README.md

The minimum PaddlePaddle version needed for the code sample in this directory is v0.11.0. If you are on a version of PaddlePaddle earlier than v0.11.0, [please update your installation](http://www.paddlepaddle.org/docs/develop/documentation/en/build_and_install/pip_install_en.html).

---

# Convolutional Sequence to Sequence Learning
This model implements the work in the following paper:

Jonas Gehring, Micheal Auli, David Grangier, et al.
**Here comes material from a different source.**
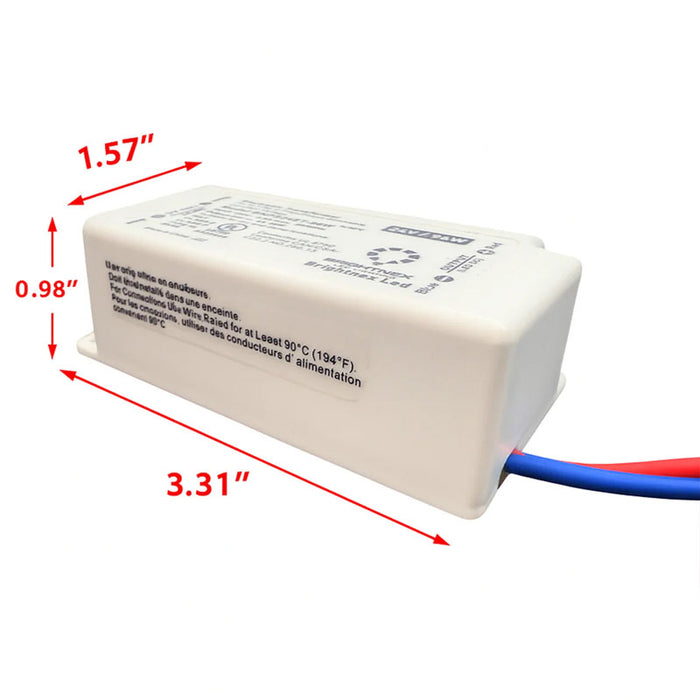 BrightNEX BNPS24ET 24V 96W Dimmable LED Transformer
Convolutional Sequence to Sequence Learning. Association for Computational Linguistics (ACL), 2017

# Data Preparation
- The data used in this tutorial can be downloaded by runing:

    ```bash
    sh download.sh
    ```

- Each line in the data file contains one sample and each sample consists of a source sentence and a target sentence. And the two sentences are seperated by '\t'. So, to use your own data, it should be organized as follows:

    ```
    <source sentence>\t<target sentence>
    ```

# Training a Model
- Modify the following script if needed and then run:

  ```bash
  python train.py \
      --train_data_path ./data/train \
      --test_data_path ./data/test \
      --src_dict_path ./data/src_dict \
      --trg_dict_path ./data/trg_dict \
      --enc_blocks "[(256, 3)] * 5" \
      --dec_blocks "[(256, 3)] * 3" \
      --emb_size 256 \
      --pos_size 200 \
      --drop_rate 0.2 \
      --use_bn False \
      --use_gpu False \
      --trainer_count 1 \
      --batch_size 32 \
      --num_passes 20 \
      >train.log 2>&1
  ```

# Inferring by a Trained Model
- Infer by a trained model by running:

  ```bash
  python infer.py \
      --infer_data_path ./data/dev \
      --src_dict_path ./data/src_dict \
      --trg_dict_path ./data/trg_dict \
      --enc_blocks "[(256, 3)] * 5" \
      --dec_blocks "[(256, 3)] * 3" \
      --emb_size 256 \
      --pos_size 200 \
      --drop_rate 0.2 \
      --use_bn False \
      --use_gpu False \
      --trainer_count 1 \
      --max_len 100 \
      --batch_size 256 \
      --beam_size 1 \
      --is_show_attention False \
      --model_path ./params.pass-0.tar.gz \
      1>infer_result 2>infer.log
    ```

# Notes
Since PaddlePaddle of current version doesn't support weight normalization, we use batch normalization instead to confirm convergence when the network is deep.